Jesus doesn’t make it easy to follow him. One over enthusiastic scribe offers to go anywhere, any time, but instead of saying ‘Great!’ Jesus says that it’s not that simple, that there is a restlessness about his journey that will stretch the most committed follower. And then when someone else wants to wait before actually setting out, he is told to get on with it and leave everything else behind.
It’s not entirely clear what the second of these would-be disciples is saying. Has his father just died? Or is it that he has ageing parents and wants to look after them before committing himself to Jesus? Is Jesus really saying that following him means turning our backs on the responsibilities, even the vocations, that we already have – as those who are in relationships or in jobs that matter to us? Have we really to ‘leave everything behind’ for the sake of our calling to be disciples?

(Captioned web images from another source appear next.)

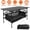 Type 3, variant on JelyHT 36" Height Adjustable Grill Folding Camping Table Mesh Desktop Anti-Slip Feet Lightweight Aluminum Alloy for Camping BBQ RV Travel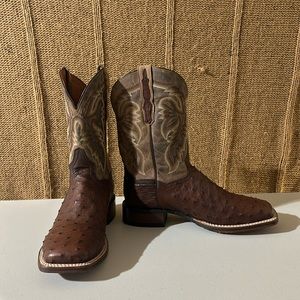 Dan Post- Alamosa Cowboy Boots-Size 10-Ostrich Leather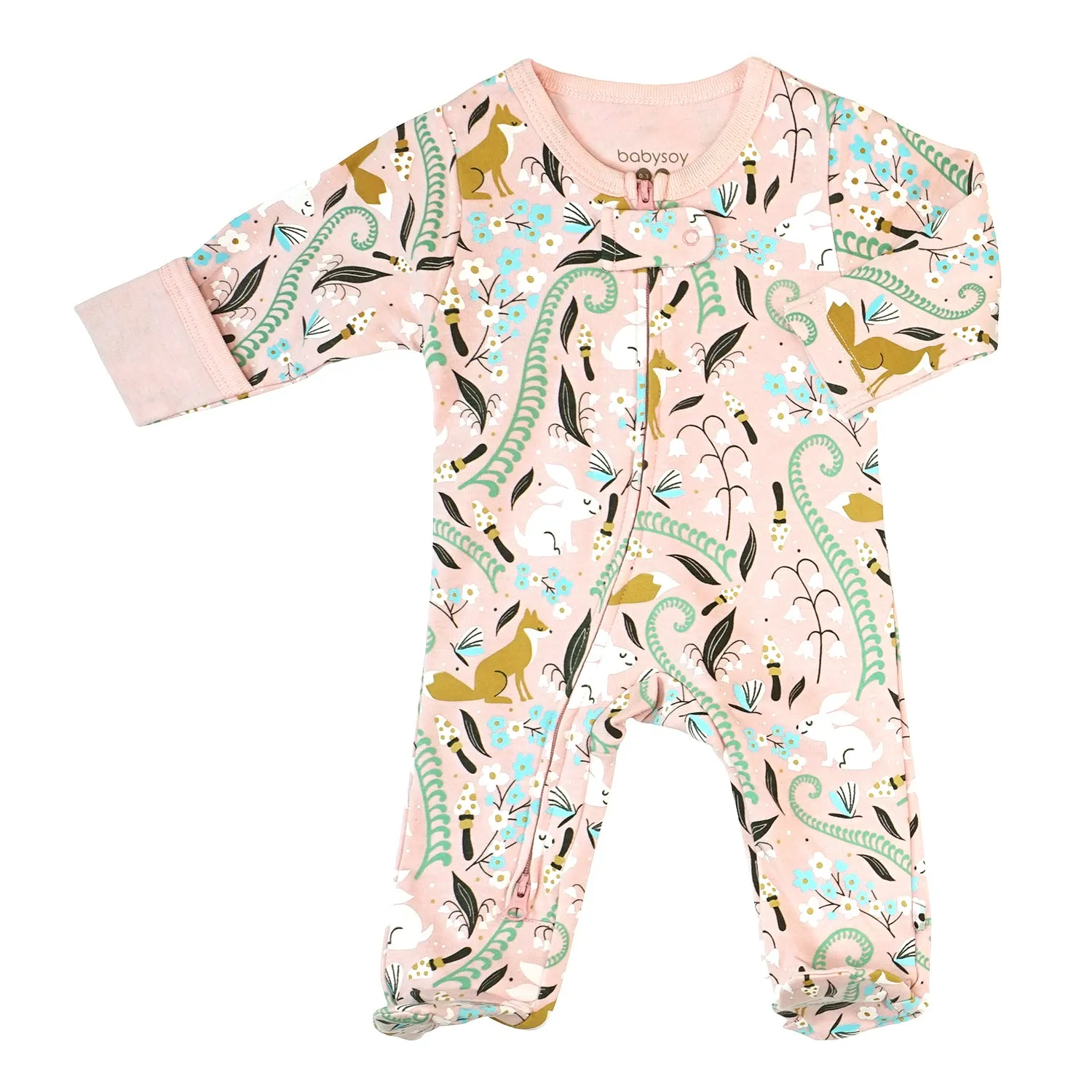 Baby & Neugeborene Muster Reißverschluss-Strampler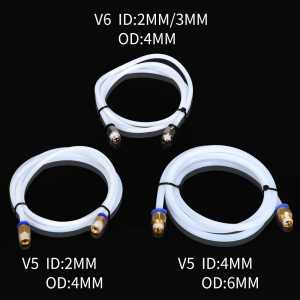1M 3D Printer PTFE Tube with PC4-01 Fittings for Long-distance  RepR 3D Printer J-head Hotend for 1.75mm 3D Bowden Extruder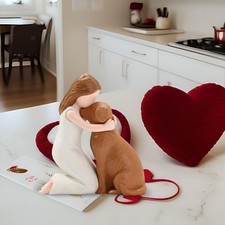 Statue de chien en résine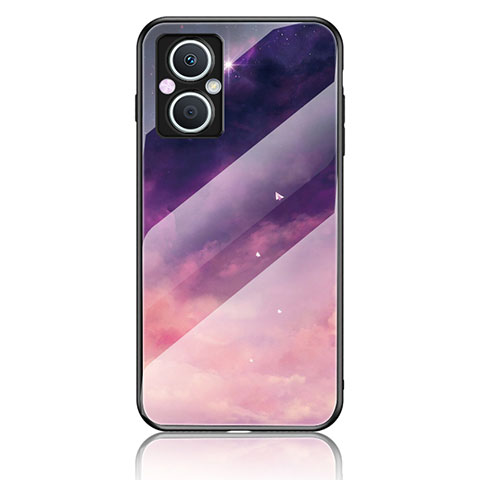 Handyhülle Silikon Hülle Rahmen Schutzhülle Spiegel Modisch Muster LS4 für Oppo F21 Pro 5G Violett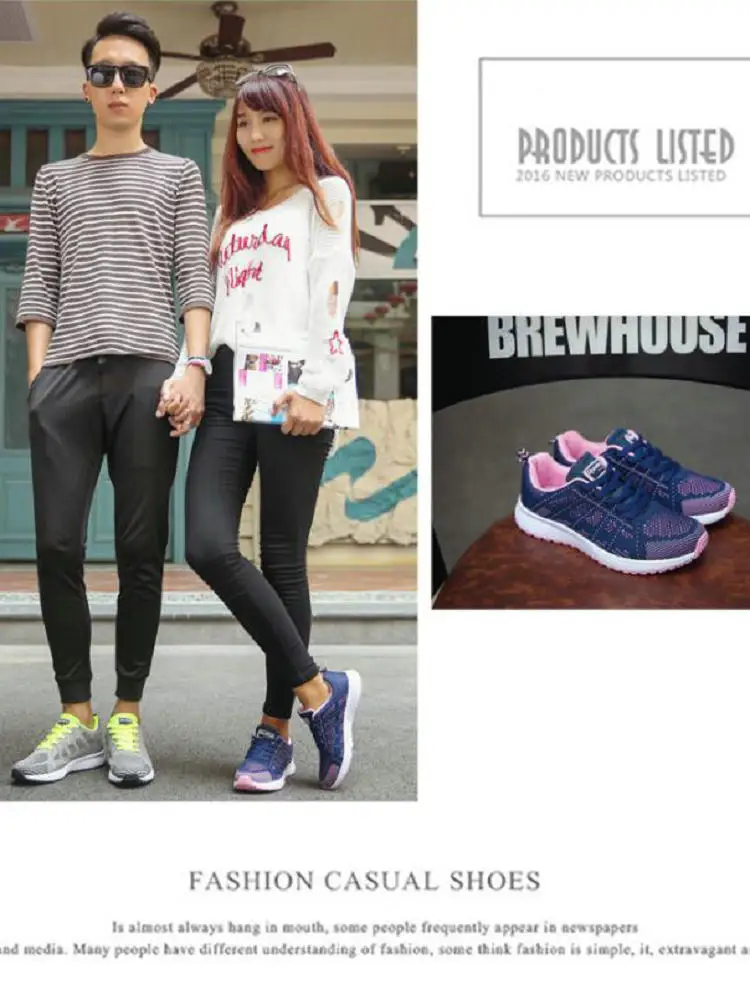 Hot Sale Nice Mujer Running Zapatillas Shoes Unisex Men Sports Shoe Jogging Mesh Breathable Big Size 44 Women Trainers Outdoor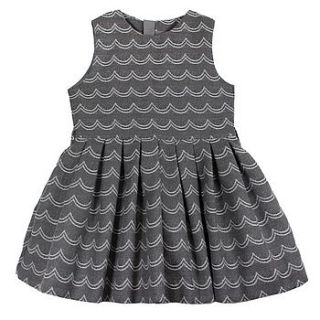 girls tweed pleated dress by chateau de sable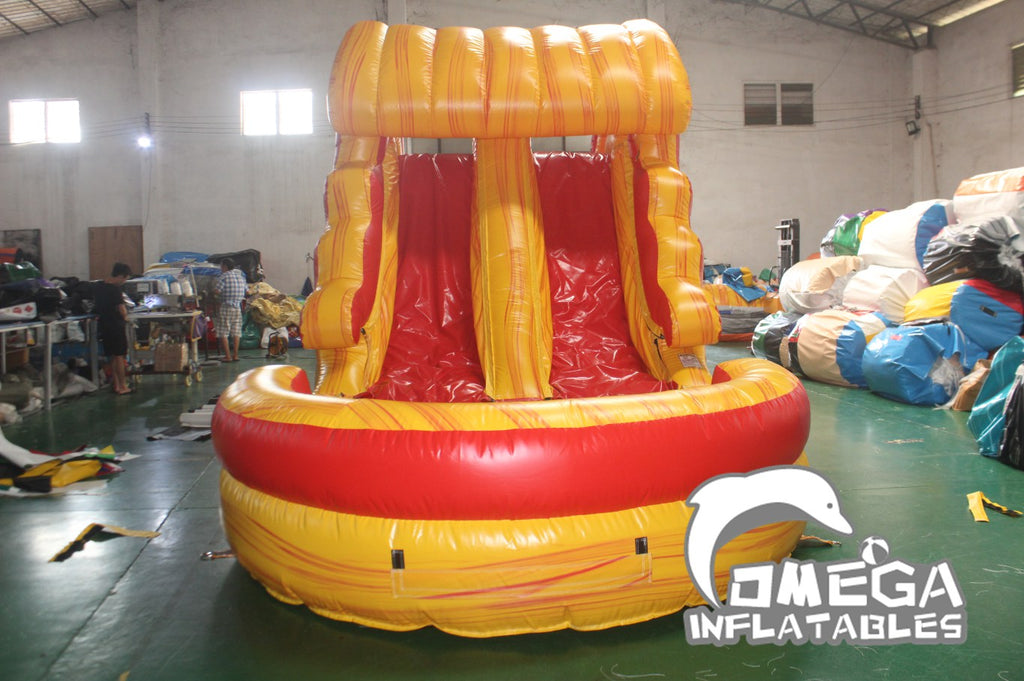 Lava Inflatable Mini Water Slide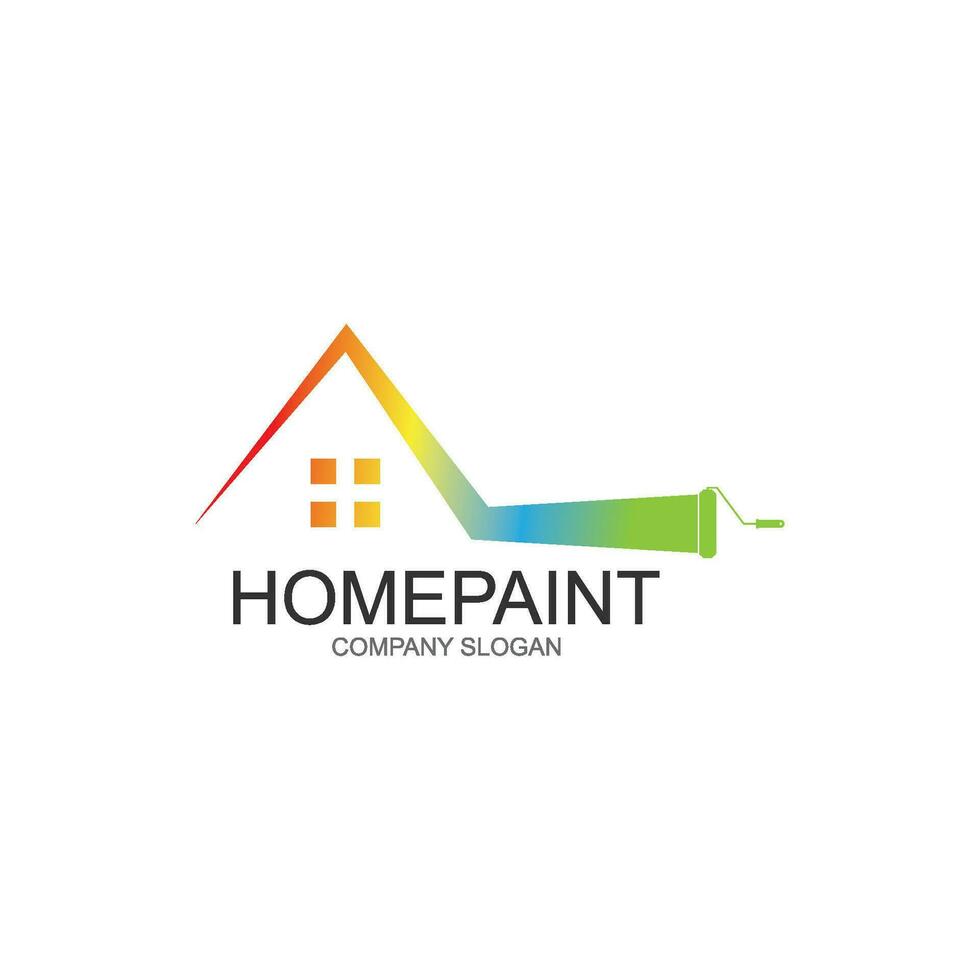 hogar pintar logo vector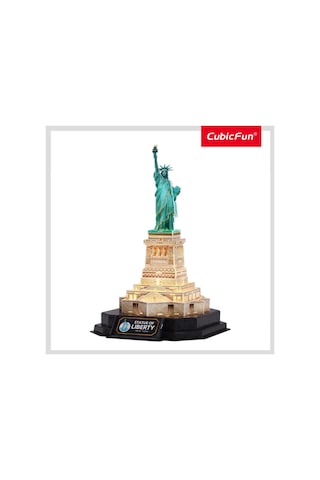 Özgürlük Heykeli 3d Puzzle Led Işıklı L536h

Many wrestle hard with competing calls on their time and energy. And many of these competing voices can readily be thought of as vocations. Being in a covenant relationship (like marriage), having a job, volunteering in the community, being an artist – are all things that might be understood as vocations. One person might have several such vocations. The model of the celibate priest is one simple model of vocation, but for most people, vocations are multiple.
In this same Gospel, Joseph of Arimathaea is celebrated as one who ‘buries the dead’, so perhaps this hard saying in chapter 8 is not urging us to set aside all other vocations in favour of following Jesus, but inviting us to see them all as part of that following. We will have decisions to make about how we follow the restless Jesus. But the decision to live all our roles in the light of his calling to us can’t and needn’t be put off.